Bei den Freie-Energie-Konzepten mit einer grösseren Anhängerschaft (z.B. während des
QEG-Hypes 2014 oder des
Auftriebskraftwerk-Hypes 2015) spielt auch der Multiplikator-Effekt eine wesentliche Rolle. In der Community der Anhänger werden sich diejenigen mit geringen physikalisch/technischen Kenntnissen oft an denjenigen mit etwas weitergehenden Kenntnissen orientieren.
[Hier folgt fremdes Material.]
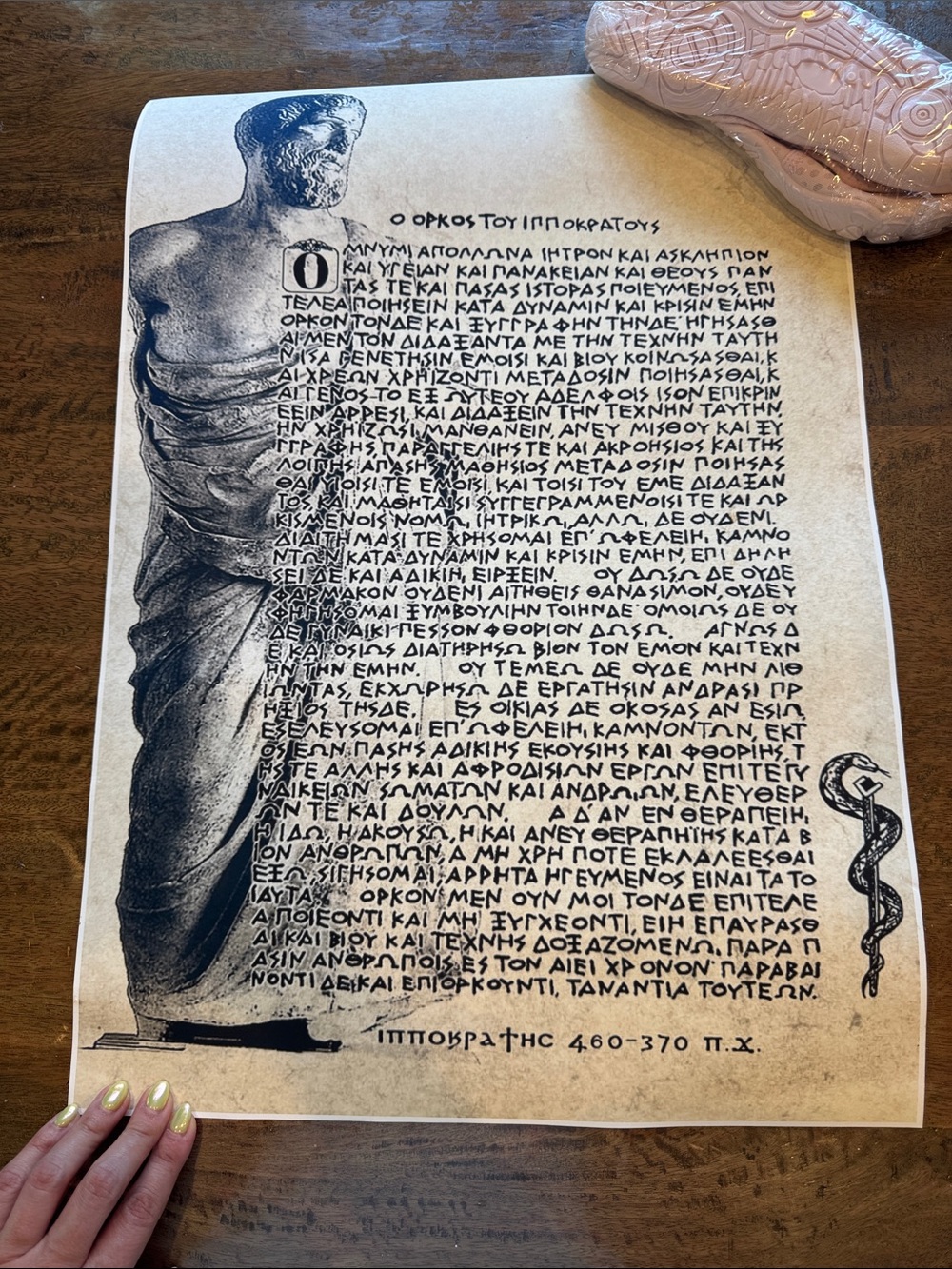Classic Greek Poster - Hippocratic oath in classical Greek 🇬🇷🏛️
Auf diese Weise können selbst Argumente, die für die Masse nicht direkt verständlich sind -- aber für diejenigen mit etwas weitergehenden Kenntnissen -- indirekt wesentliche Auswirkungen haben. Ähnliches gilt für das Verhältnis zwischen denjenigen Anhängern, die sich nur oberflächlich, und denjenigen, die sich intensiv mit dem Thema beschäftigen. Es lässt sich auch nicht eindeutig voraussagen, welches Gegenargument wen überzeugen wird. Der eine mag z.B. keine Ahnung von Elektrotechnik haben, so dass jede Volt-und-Ampere-Argumentation glatt abprallt, während ihm mechanische Argumente vielleicht einleuchten. Anderen mag es vielleicht sehr zu denken geben, dass gleich drei Gesellschaften einer Unternehmensgruppe ihren Sitz in einem Privathaus haben. Auch können mehrere für sich allein wenig überzeugende Gegenargumente in ihrer Summe u.U. wesentliche Überzeugungskraft erlangen. Deshalb halte ich es gerade bei Freie-Energie-Konzepten mit hohem Bekanntheitsgrad für wichtig, so viele sachliche Gegenargumente wie möglich zu sammeln.
Last, but not least besteht oft auch ein erheblicher intellektueller Reiz darin, den Fehler in einem Konzept oder den konkreten Trick bei einer Vorführung herauszufinden.